BRIEF. Print out each entry without alteration, and keep the pictures out.

Captioned web images
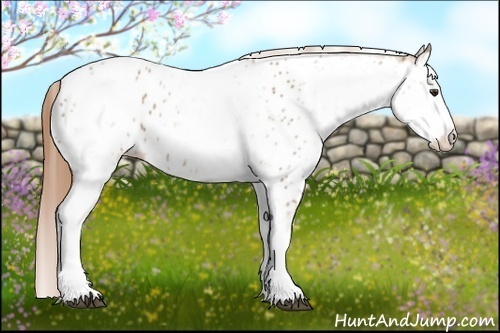 Horse Color: White Spotted Chestnut Near Leopard 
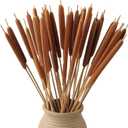 Dried Natural Cattails - 20PCS for DIY Floral Arrangements and Home Office Decor - 17 Inch Length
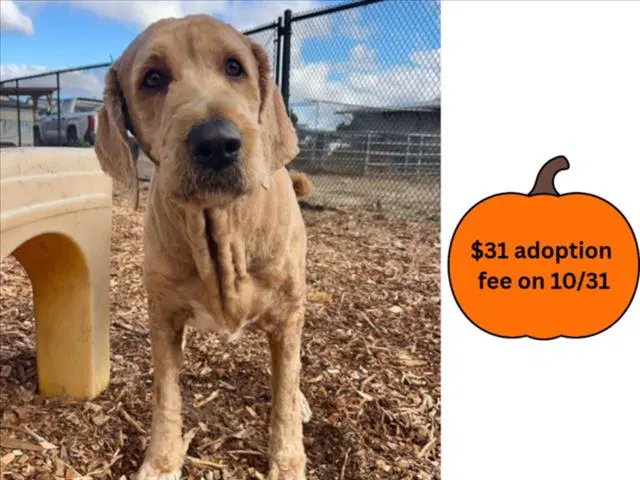 Teddy - Golden Retriever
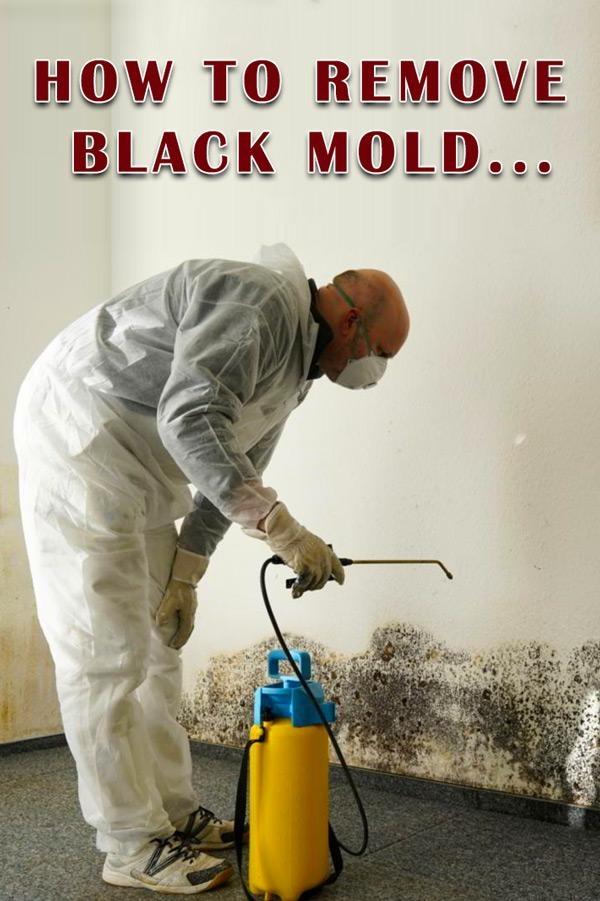 how to remove black mold caused by water damage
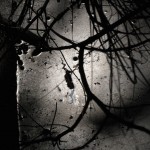 Abstract Nature Details-18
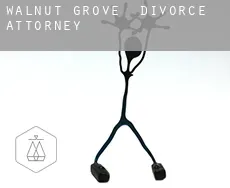 Walnut Grove  divorce attorney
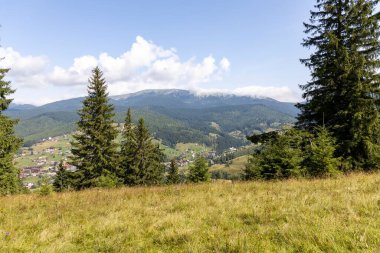 Bir yaz günü Ukrayna Karpatları 'nda dağ panoraması.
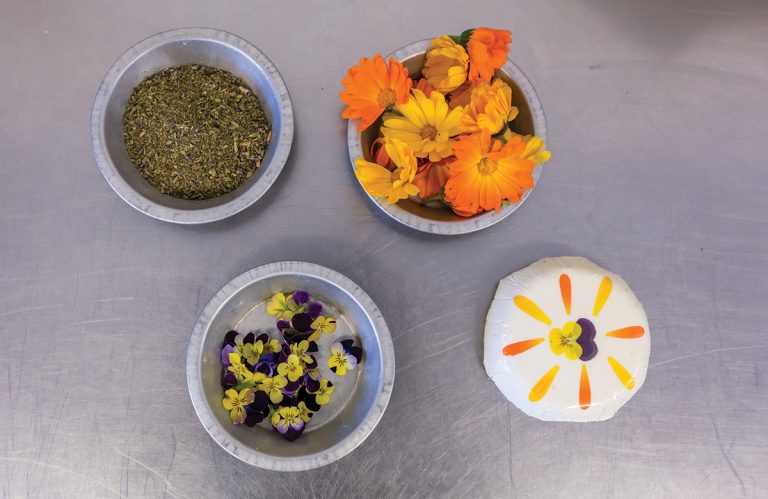 Harley20Farms20Photo20Credit20Garrick20Ramirez 5Sm 1 768x499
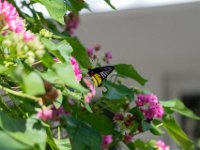 DSC 7622
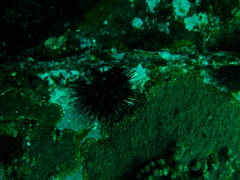 Sea Urchin Hiding on USS Indra Deck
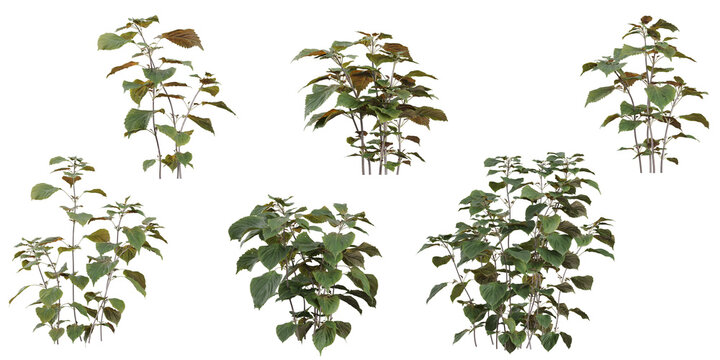 Collection of perilla plants on transparent background
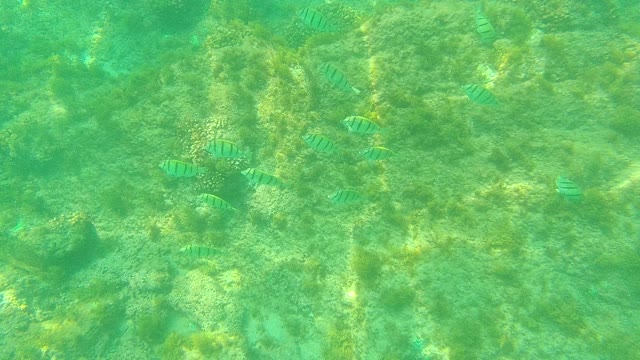 PALMILLA LOS CABOS BCS MEXICO-2021: Striped Fish Swimming Over Coral Reef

FINAL ANSWER.
 Horse Color: White Spotted Chestnut Near Leopard 
 Dried Natural Cattails - 20PCS for DIY Floral Arrangements and Home Office Decor - 17 Inch Length
 Teddy - Golden Retriever
 how to remove black mold caused by water damage
 Abstract Nature Details-18
 Walnut Grove  divorce attorney
 Bir yaz günü Ukrayna Karpatları 'nda dağ panoraması.
 Harley20Farms20Photo20Credit20Garrick20Ramirez 5Sm 1 768x499
 DSC 7622
 Sea Urchin Hiding on USS Indra Deck
 Collection of perilla plants on transparent background
 PALMILLA LOS CABOS BCS MEXICO-2021: Striped Fish Swimming Over Coral Reef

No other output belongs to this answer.